Problem: Restate word for word the lines of the listing below, from its first line through the line with "Jakks Super Mario", without the pictures.

Supplied data:
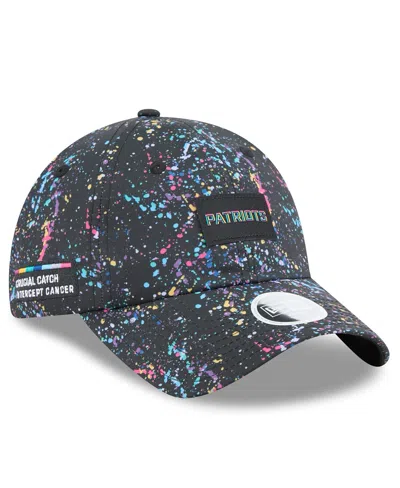 New Era Women's Black New England Patriots 2025 Nfl Crucial Catch Pony Tail Adjustable Hat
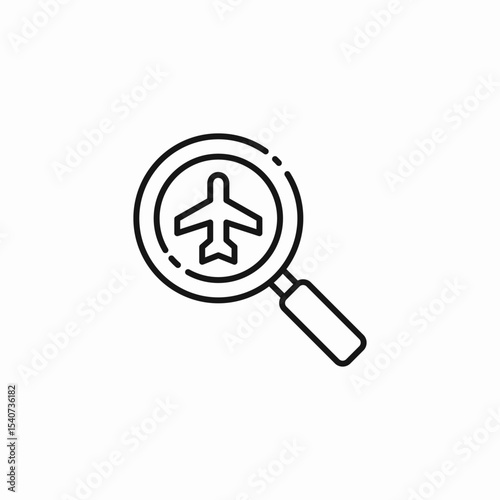 magnifying glass airplane icon sign vector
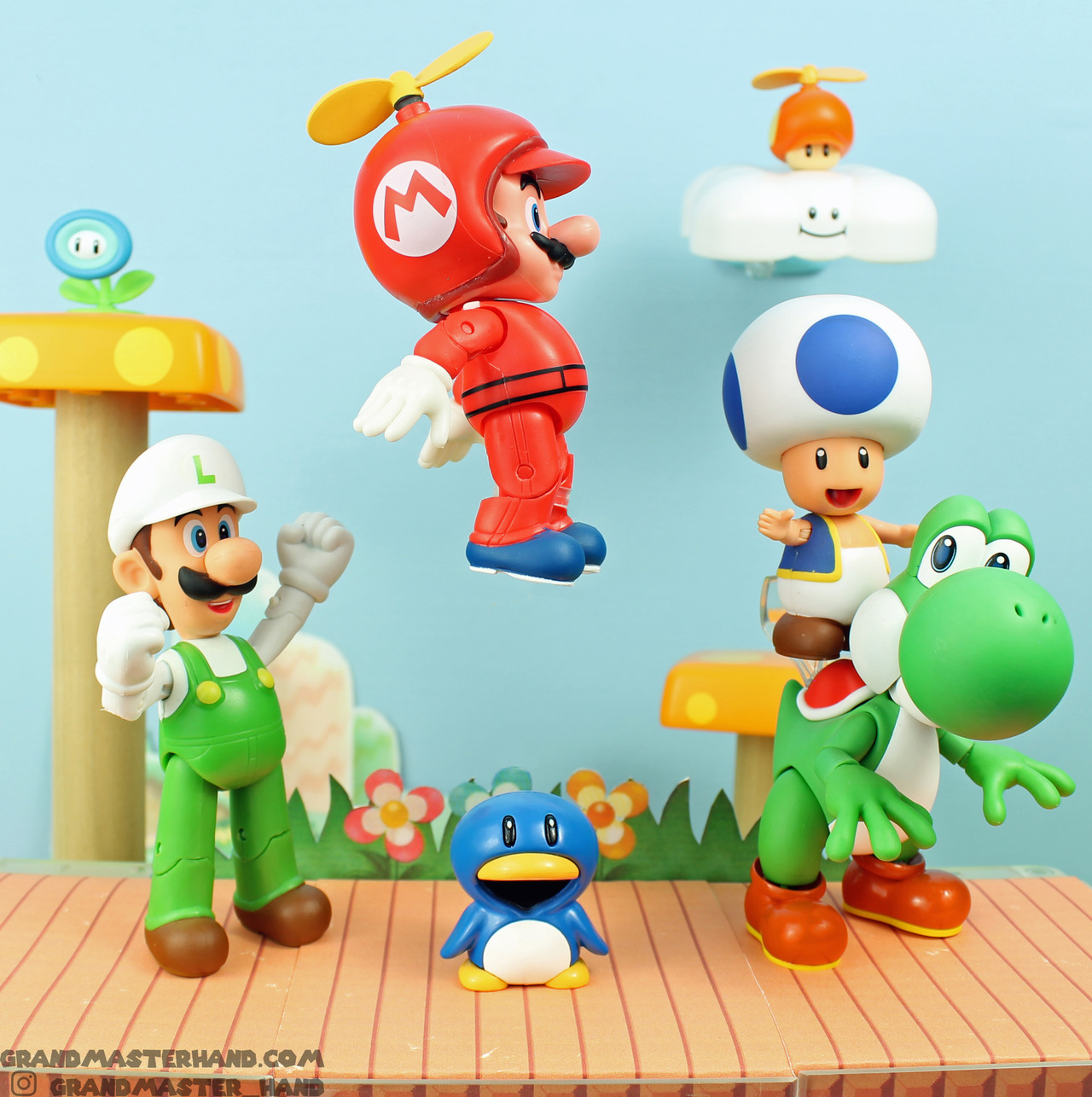 Jakks Super Mario 4/" Figure Propeller Mario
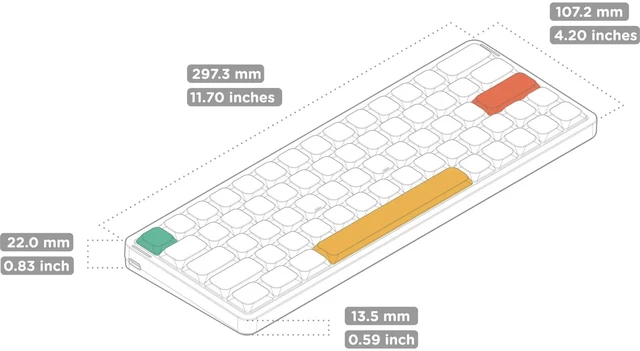 Alt view image 3 of 6 - Air60 V2 Portable Wireless Keyboard 60% Low Profile Mechanical Keyboard Support QMK/VIA Compatible with Windows/mac OS/Linux Supports Bluetooth 5.1/2.4GHz/Wired (USB-C) Grey-Gateron Blue Switch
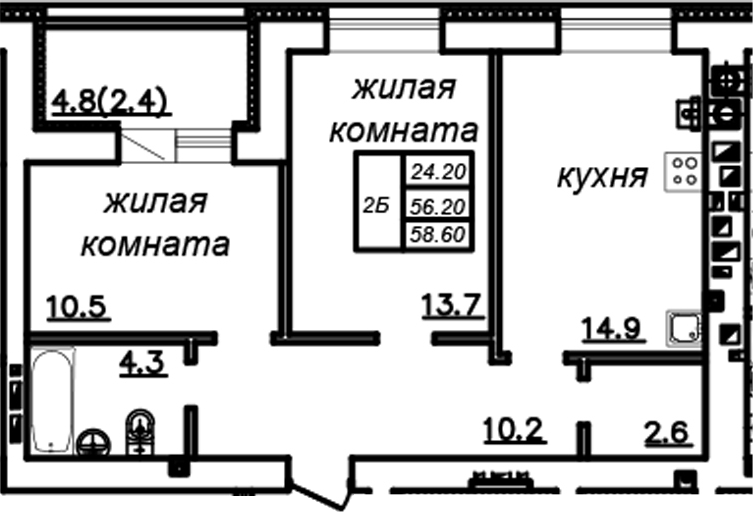 Планировка — Зеленая долина, 2-комн., 56 м²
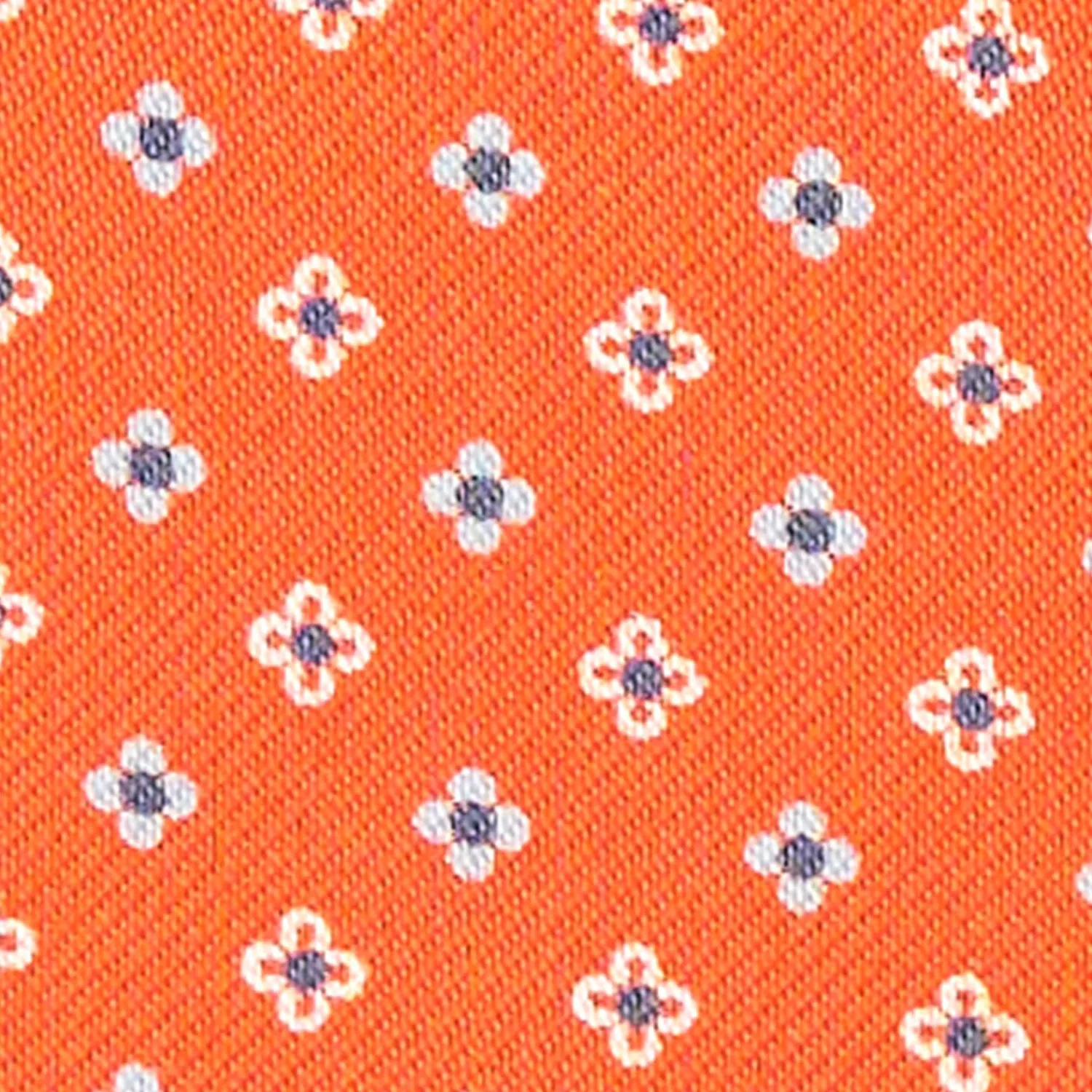 Orange Silk Ascot Tie - Small Flower Designs>E.Marinella Clearance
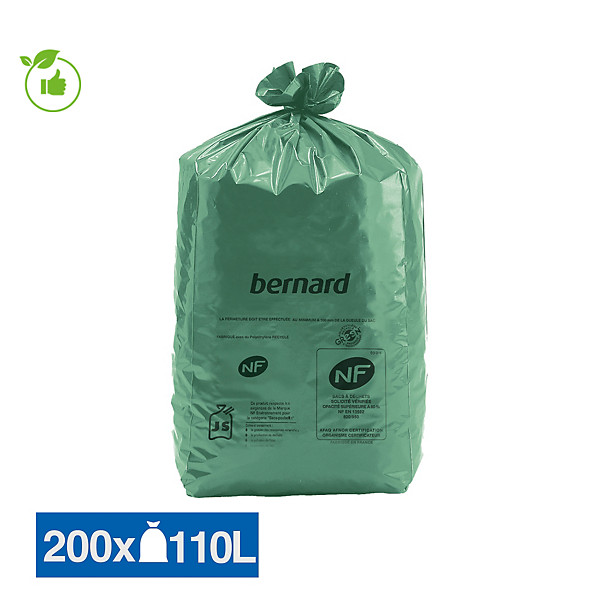 Sacs poubelle déchets lourds Bernard Green NF verts 110 L, lot de 200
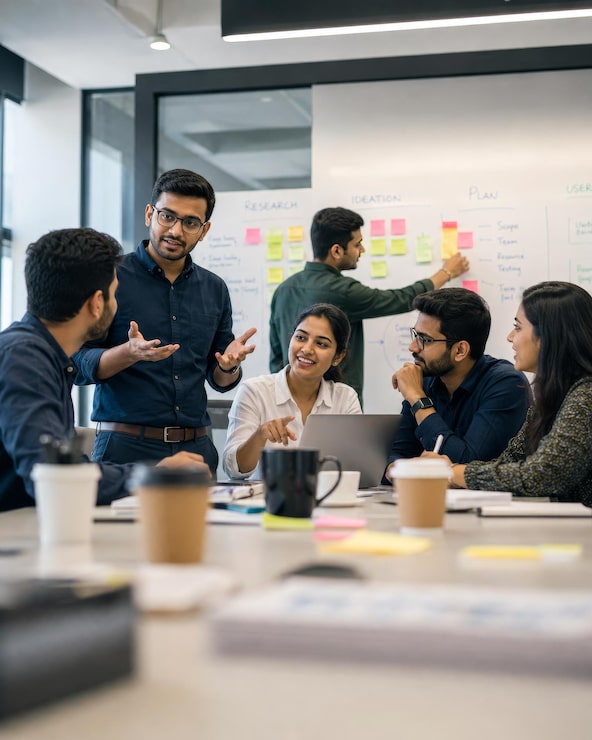 Professionals collaborating on people strategy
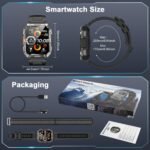 Military Smart Watch for Men(Answer/Make Call), Outdoor Sports Smartwatch with Flashlight/100 Days Battery/Compass/Heart Rate/SpO2/Sleep Monitor/2 Straps, Fitness Tracker for iPhone/Android Phones - Image 7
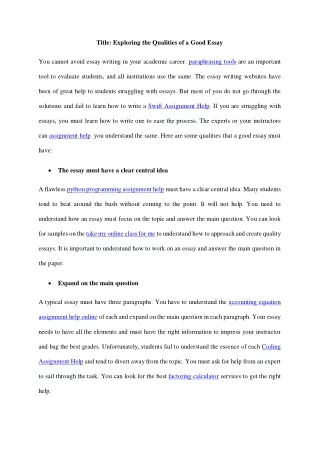 title exploring the qualities of a good essay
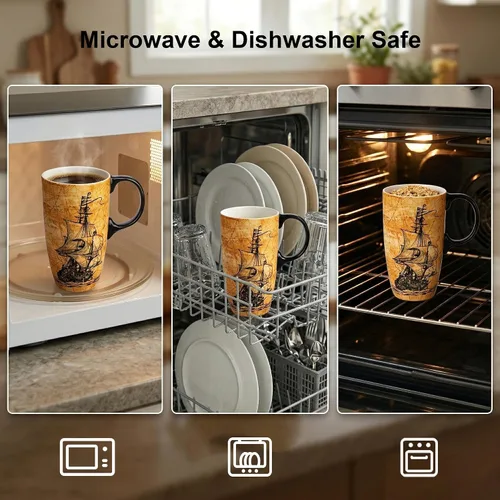 Miniatura 5 de Topadorn Taza de Viaje de Cerámica con Tapa y Asa - Taza de Café de Cerámica de 17 Oz Taza de Té Latte con Caja de Color, Tapa Resistente a VELERO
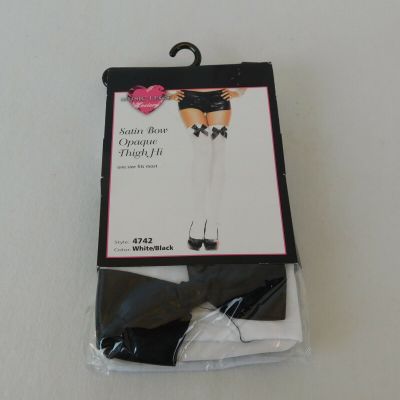 Sexy Satin Black Bow Opaque Thigh Hi Nylon White Stockings Sock Bridal Hosiery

Exercise solution:
 New Era Women's Black New England Patriots 2025 Nfl Crucial Catch Pony Tail Adjustable Hat
 magnifying glass airplane icon sign vector
 Jakks Super Mario 4/" Figure Propeller Mario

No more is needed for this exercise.